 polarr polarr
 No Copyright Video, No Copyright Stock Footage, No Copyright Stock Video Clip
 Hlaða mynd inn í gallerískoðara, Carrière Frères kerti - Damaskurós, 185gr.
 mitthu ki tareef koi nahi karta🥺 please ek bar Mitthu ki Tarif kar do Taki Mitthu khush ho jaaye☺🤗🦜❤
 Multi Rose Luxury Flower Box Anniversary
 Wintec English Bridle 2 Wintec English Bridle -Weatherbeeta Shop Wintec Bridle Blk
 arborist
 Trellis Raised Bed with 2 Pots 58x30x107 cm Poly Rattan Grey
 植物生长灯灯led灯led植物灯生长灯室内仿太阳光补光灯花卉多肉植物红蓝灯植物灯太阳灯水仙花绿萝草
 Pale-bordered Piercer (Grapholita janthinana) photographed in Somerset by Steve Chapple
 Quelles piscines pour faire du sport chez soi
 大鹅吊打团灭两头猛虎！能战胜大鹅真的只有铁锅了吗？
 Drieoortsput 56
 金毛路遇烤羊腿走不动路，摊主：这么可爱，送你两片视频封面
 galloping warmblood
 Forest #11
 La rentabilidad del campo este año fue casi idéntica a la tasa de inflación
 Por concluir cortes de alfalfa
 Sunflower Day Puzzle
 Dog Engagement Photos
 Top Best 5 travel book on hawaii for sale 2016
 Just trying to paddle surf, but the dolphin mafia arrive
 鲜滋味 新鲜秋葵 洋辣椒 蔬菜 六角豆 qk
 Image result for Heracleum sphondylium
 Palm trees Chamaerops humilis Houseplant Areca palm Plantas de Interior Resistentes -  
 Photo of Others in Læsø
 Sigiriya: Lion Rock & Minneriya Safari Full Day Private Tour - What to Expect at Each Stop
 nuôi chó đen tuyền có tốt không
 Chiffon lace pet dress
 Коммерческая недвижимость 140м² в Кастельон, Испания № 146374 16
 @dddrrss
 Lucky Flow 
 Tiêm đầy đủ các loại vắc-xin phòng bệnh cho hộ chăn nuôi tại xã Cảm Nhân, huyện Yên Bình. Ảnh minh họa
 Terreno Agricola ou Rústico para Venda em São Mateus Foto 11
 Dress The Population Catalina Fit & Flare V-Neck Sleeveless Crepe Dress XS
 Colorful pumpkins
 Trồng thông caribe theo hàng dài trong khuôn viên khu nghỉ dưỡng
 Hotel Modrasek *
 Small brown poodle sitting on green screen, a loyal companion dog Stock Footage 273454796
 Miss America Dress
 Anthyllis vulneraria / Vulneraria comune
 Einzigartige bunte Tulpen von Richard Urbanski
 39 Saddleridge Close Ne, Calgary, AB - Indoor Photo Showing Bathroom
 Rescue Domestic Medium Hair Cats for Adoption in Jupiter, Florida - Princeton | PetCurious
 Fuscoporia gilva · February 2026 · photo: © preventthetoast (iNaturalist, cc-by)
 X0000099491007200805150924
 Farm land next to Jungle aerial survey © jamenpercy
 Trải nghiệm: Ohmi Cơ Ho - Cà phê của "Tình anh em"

TASK TO COMPLETE:
Line by line, return the whole listing without a single difference.

RESPONSE TO THE EXERCISE:
 polarr polarr
 No Copyright Video, No Copyright Stock Footage, No Copyright Stock Video Clip
 Hlaða mynd inn í gallerískoðara, Carrière Frères kerti - Damaskurós, 185gr.
 mitthu ki tareef koi nahi karta🥺 please ek bar Mitthu ki Tarif kar do Taki Mitthu khush ho jaaye☺🤗🦜❤
 Multi Rose Luxury Flower Box Anniversary
 Wintec English Bridle 2 Wintec English Bridle -Weatherbeeta Shop Wintec Bridle Blk
 arborist
 Trellis Raised Bed with 2 Pots 58x30x107 cm Poly Rattan Grey
 植物生长灯灯led灯led植物灯生长灯室内仿太阳光补光灯花卉多肉植物红蓝灯植物灯太阳灯水仙花绿萝草
 Pale-bordered Piercer (Grapholita janthinana) photographed in Somerset by Steve Chapple
 Quelles piscines pour faire du sport chez soi
 大鹅吊打团灭两头猛虎！能战胜大鹅真的只有铁锅了吗？
 Drieoortsput 56
 金毛路遇烤羊腿走不动路，摊主：这么可爱，送你两片视频封面
 galloping warmblood
 Forest #11
 La rentabilidad del campo este año fue casi idéntica a la tasa de inflación
 Por concluir cortes de alfalfa
 Sunflower Day Puzzle
 Dog Engagement Photos
 Top Best 5 travel book on hawaii for sale 2016
 Just trying to paddle surf, but the dolphin mafia arrive
 鲜滋味 新鲜秋葵 洋辣椒 蔬菜 六角豆 qk
 Image result for Heracleum sphondylium
 Palm trees Chamaerops humilis Houseplant Areca palm Plantas de Interior Resistentes -  
 Photo of Others in Læsø
 Sigiriya: Lion Rock & Minneriya Safari Full Day Private Tour - What to Expect at Each Stop
 nuôi chó đen tuyền có tốt không
 Chiffon lace pet dress
 Коммерческая недвижимость 140м² в Кастельон, Испания № 146374 16
 @dddrrss
 Lucky Flow 
 Tiêm đầy đủ các loại vắc-xin phòng bệnh cho hộ chăn nuôi tại xã Cảm Nhân, huyện Yên Bình. Ảnh minh họa
 Terreno Agricola ou Rústico para Venda em São Mateus Foto 11
 Dress The Population Catalina Fit & Flare V-Neck Sleeveless Crepe Dress XS
 Colorful pumpkins
 Trồng thông caribe theo hàng dài trong khuôn viên khu nghỉ dưỡng
 Hotel Modrasek *
 Small brown poodle sitting on green screen, a loyal companion dog Stock Footage 273454796
 Miss America Dress
 Anthyllis vulneraria / Vulneraria comune
 Einzigartige bunte Tulpen von Richard Urbanski
 39 Saddleridge Close Ne, Calgary, AB - Indoor Photo Showing Bathroom
 Rescue Domestic Medium Hair Cats for Adoption in Jupiter, Florida - Princeton | PetCurious
 Fuscoporia gilva · February 2026 · photo: © preventthetoast (iNaturalist, cc-by)
 X0000099491007200805150924
 Farm land next to Jungle aerial survey © jamenpercy
 Trải nghiệm: Ohmi Cơ Ho - Cà phê của "Tình anh em"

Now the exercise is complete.